The answer must be an exact copy of the lines from the one containing "Madeira Loft Ii - Free Car *" through the last line of the records, with no pictures.
BEGIN Information given
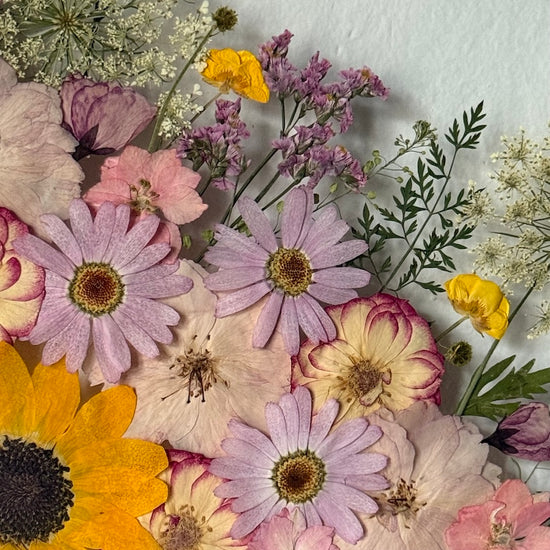 Slunné údolí jemnosti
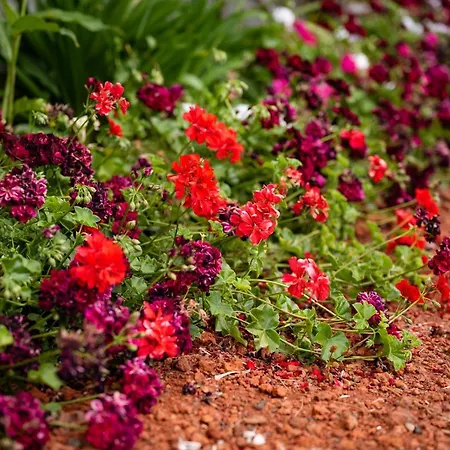 Madeira Loft Ii - Free Car *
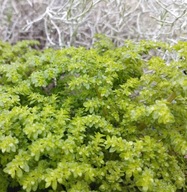 Pilea microphylla jak paproć paprotka MALEŃKIE LISTKI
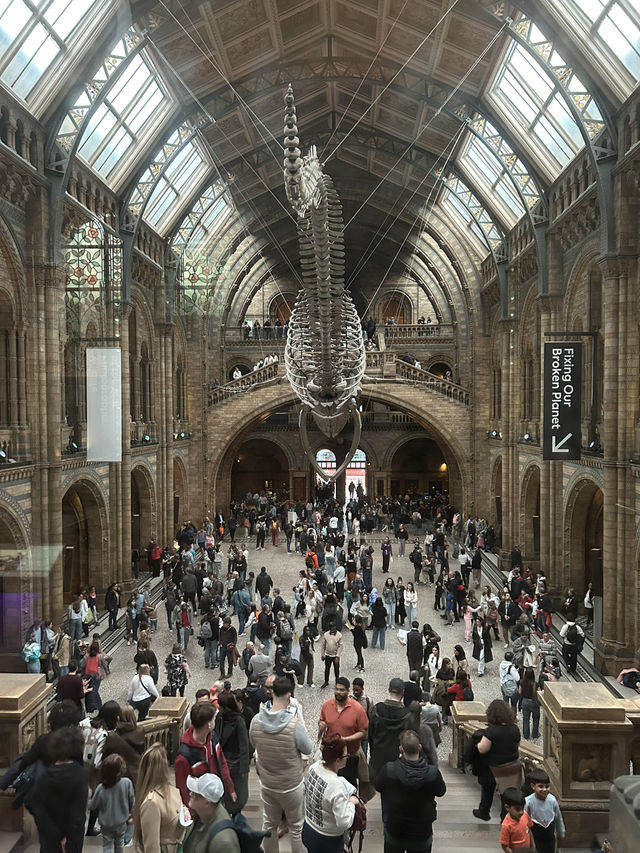 🦖 Natural History Museum, London UK 🦕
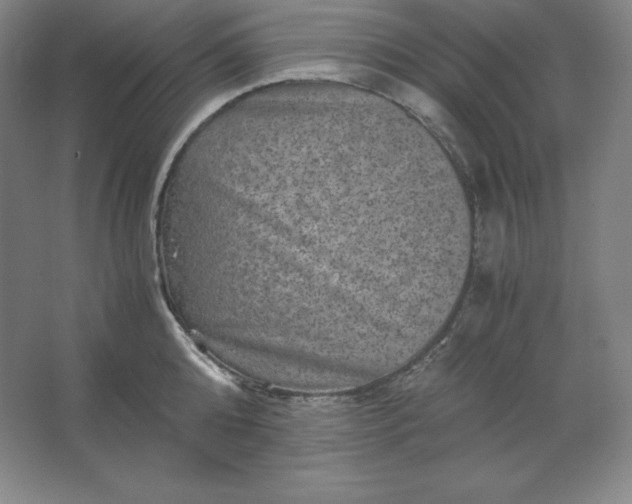 X0000062630808200512281554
END Information given
Solution below:
 Madeira Loft Ii - Free Car *
 Pilea microphylla jak paproć paprotka MALEŃKIE LISTKI
 🦖 Natural History Museum, London UK 🦕
 X0000062630808200512281554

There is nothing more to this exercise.